C.H. Spurgeon Mr. Moody's Text sermon #2541

Friday, February 26, 2010

The Myth of Old Testament Jewish Proselyte Baptism


Matthew 3:11 I indeed baptize you with water unto repentance.

John was giving some religious leaders fits over his preaching and his baptism. John is still giving religious leaders fits over his preaching and his baptism. Matthew 3:1-8 gives the account of a portion of the ministry of John the Baptist, preaching and baptizing in the Jordan River. You have to do something with John, his preaching and his baptism, meaning you have to explain it some way or another. The baptism in Matthew 3 has been misunderstood, misapplied and attempted to be explained away since the very hours John was crying in the wilderness. John poses a problem for practically every false denomination; but especially those who practice paedobaptism, or infant baptism. They try to link baptism and circumcision and Abraham and the church to support infant baptism. One way to try and neutralize and explain away the reality of John’s baptism is to reinvent it as something it never was, namely proselyte baptism [Webster’s defines proselyte as “A new convert to some religion or religious sect, or to some particular opinion, system or party.

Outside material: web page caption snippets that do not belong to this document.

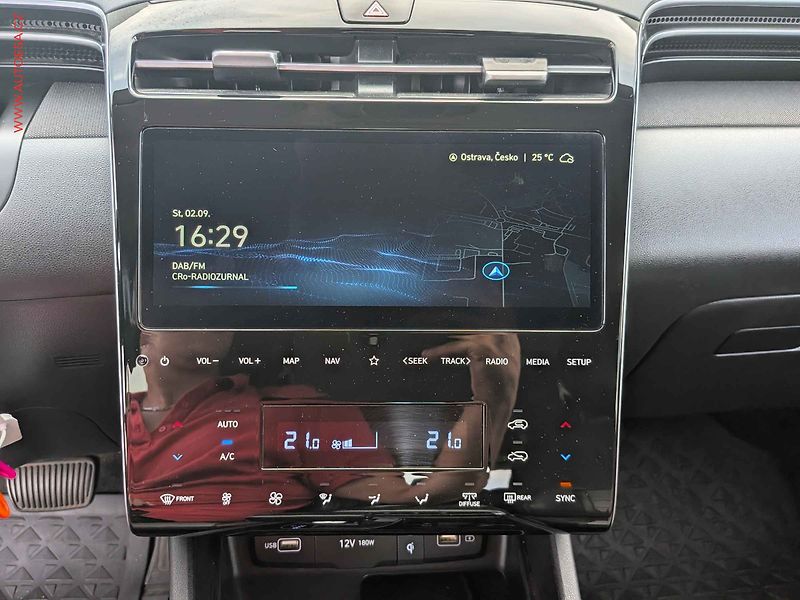 Hyundai Tucson (2022) 1.6 CRDi, ČR, AT, LED, navi - fotka 11 z 16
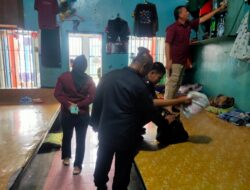 Mitigasi Risiko Pasca Natal dan Sambut Tahun Baru 2025, Lapas Muara Enim Gelar Tour ke Blok Kamar Hunian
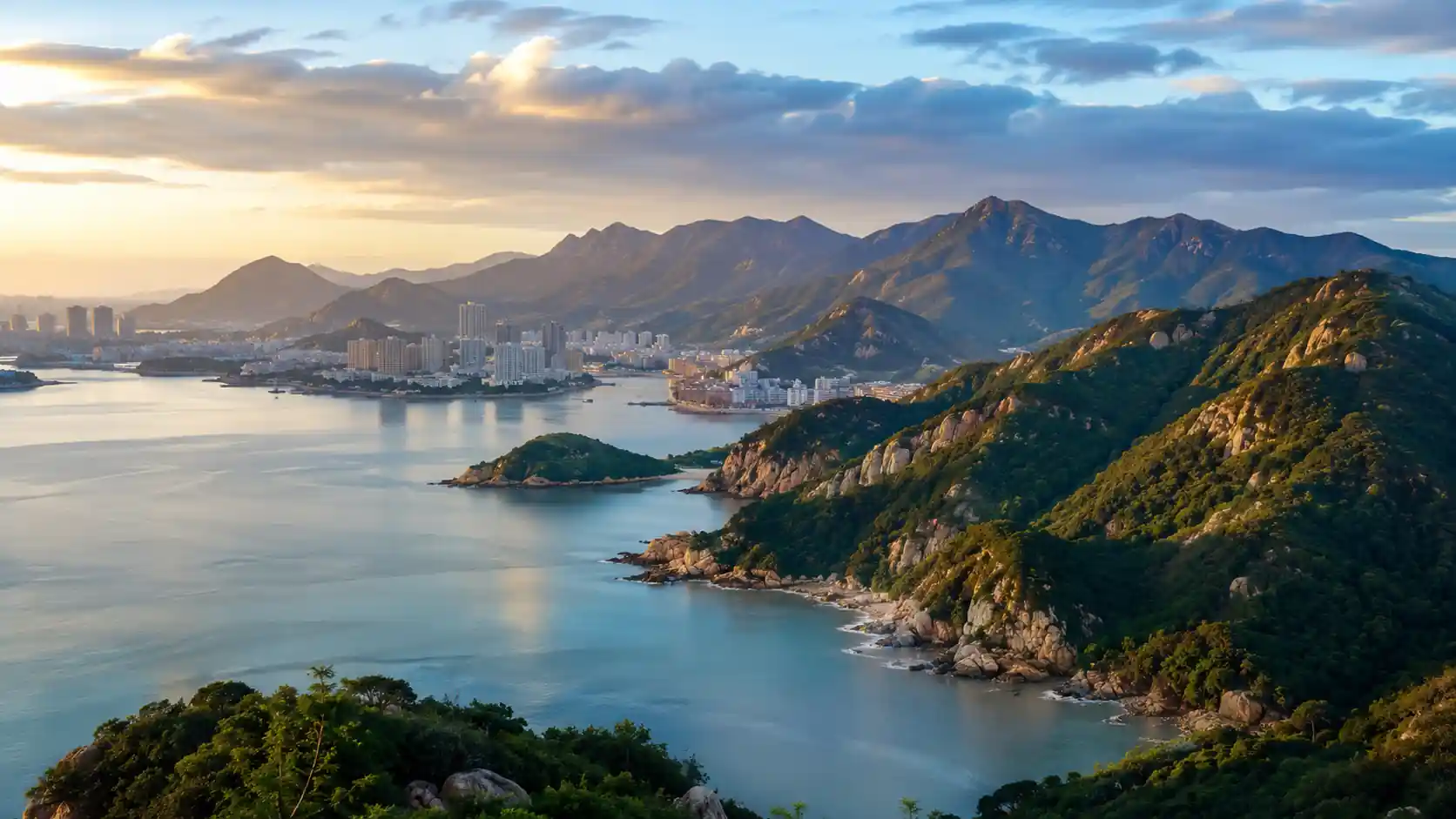 Wenzhou travel scene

Thus a Gentile converted to Judaism is a proselyte”]. John’s baptism was not the so called proselyte washing that many Presbyterians attempt to assert that it was; a carry over Levitical ordinance that Jesus partook of then changed. There is no scriptural ground, whatsoever, that there even was Levitical proselyte baptism practiced by the Jews in the New Testament during John’s ministry and there is nothing in the Old Testament that even hints to that assertion. I personally believe that Old Testament proselyte baptism is a myth used and oft repeated by baby baptizers to attempt to prove infant baptism and the universal church while at the same time, discredit John’s baptism and the truth of the Lord’s church. There is no question that the practice came into practice, but the key is to know when the Jews started proselyte baptism, which history will tell us but more importantly the silence of Scripture shows that Jewish proselyte baptism started well after the Bible was penned. Source after source repeats the same line about Old Testament baptism as a ceremonial immersion for Gentiles who believed in support of false notions about baptism, without giving historical or scriptural proof. Men will dismiss John’s baptism as Old Testament and give a line about Jewish proselyte baptism then move on without scriptural or historical evidence.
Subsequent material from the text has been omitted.